> What you will do
Two lines in the data below mark the range: the one with "Tôi, Em Út Nhất" and the one with "Agence d'assurance MACIF". Return both, along with every line between them, exactly.

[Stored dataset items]
BEGIN
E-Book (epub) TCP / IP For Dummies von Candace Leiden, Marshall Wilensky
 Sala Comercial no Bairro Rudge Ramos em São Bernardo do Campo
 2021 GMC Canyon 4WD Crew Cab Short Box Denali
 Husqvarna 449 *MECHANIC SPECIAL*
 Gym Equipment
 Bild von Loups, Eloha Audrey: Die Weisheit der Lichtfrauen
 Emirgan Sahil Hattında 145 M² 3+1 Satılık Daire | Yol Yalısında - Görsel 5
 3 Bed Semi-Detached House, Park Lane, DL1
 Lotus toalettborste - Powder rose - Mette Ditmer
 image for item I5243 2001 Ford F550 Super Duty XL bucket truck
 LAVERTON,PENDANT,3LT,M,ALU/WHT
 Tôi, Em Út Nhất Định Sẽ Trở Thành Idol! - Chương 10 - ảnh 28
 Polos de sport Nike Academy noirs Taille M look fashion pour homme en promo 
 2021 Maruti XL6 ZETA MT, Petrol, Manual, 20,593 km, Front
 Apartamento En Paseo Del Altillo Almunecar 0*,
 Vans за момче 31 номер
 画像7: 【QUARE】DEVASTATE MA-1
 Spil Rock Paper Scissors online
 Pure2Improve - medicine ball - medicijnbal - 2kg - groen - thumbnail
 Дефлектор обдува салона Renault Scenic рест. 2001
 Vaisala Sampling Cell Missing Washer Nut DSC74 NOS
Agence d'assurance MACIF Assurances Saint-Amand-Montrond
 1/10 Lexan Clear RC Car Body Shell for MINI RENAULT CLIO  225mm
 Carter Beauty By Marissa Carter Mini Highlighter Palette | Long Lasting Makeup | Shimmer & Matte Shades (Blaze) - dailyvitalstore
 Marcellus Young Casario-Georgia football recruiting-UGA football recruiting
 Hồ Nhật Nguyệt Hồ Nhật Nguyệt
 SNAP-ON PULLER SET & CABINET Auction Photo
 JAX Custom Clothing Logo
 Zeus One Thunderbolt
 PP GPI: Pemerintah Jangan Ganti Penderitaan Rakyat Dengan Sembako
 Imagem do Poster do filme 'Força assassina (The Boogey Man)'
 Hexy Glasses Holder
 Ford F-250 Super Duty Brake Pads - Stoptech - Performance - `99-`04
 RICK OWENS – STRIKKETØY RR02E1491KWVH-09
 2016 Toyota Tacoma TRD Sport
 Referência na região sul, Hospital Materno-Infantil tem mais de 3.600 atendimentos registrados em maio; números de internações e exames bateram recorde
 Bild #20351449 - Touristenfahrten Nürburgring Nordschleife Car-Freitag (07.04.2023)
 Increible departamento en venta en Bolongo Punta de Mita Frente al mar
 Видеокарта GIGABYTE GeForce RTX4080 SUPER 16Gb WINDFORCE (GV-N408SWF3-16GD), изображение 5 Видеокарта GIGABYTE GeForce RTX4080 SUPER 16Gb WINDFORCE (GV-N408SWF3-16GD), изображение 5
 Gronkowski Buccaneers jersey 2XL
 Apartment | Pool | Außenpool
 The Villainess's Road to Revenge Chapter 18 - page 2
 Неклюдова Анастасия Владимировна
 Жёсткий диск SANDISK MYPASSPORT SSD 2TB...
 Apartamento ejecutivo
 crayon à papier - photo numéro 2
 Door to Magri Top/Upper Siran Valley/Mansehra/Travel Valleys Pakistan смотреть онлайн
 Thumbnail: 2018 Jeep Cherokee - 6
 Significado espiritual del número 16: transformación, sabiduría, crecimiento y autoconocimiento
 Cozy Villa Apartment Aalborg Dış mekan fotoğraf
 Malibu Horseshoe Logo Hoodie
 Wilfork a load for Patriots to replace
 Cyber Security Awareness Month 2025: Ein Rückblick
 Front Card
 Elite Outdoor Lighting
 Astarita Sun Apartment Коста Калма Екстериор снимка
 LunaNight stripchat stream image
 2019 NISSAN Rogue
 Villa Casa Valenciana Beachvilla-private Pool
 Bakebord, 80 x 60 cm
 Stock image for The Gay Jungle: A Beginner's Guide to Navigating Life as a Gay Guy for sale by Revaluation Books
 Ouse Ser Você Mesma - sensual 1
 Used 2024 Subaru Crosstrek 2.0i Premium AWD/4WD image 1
END
> Exercise response
 Tôi, Em Út Nhất Định Sẽ Trở Thành Idol! - Chương 10 - ảnh 28
 Polos de sport Nike Academy noirs Taille M look fashion pour homme en promo 
 2021 Maruti XL6 ZETA MT, Petrol, Manual, 20,593 km, Front
 Apartamento En Paseo Del Altillo Almunecar 0*,
 Vans за момче 31 номер
 画像7: 【QUARE】DEVASTATE MA-1
 Spil Rock Paper Scissors online
 Pure2Improve - medicine ball - medicijnbal - 2kg - groen - thumbnail
 Дефлектор обдува салона Renault Scenic рест. 2001
 Vaisala Sampling Cell Missing Washer Nut DSC74 NOS
Agence d'assurance MACIF Assurances Saint-Amand-Montrond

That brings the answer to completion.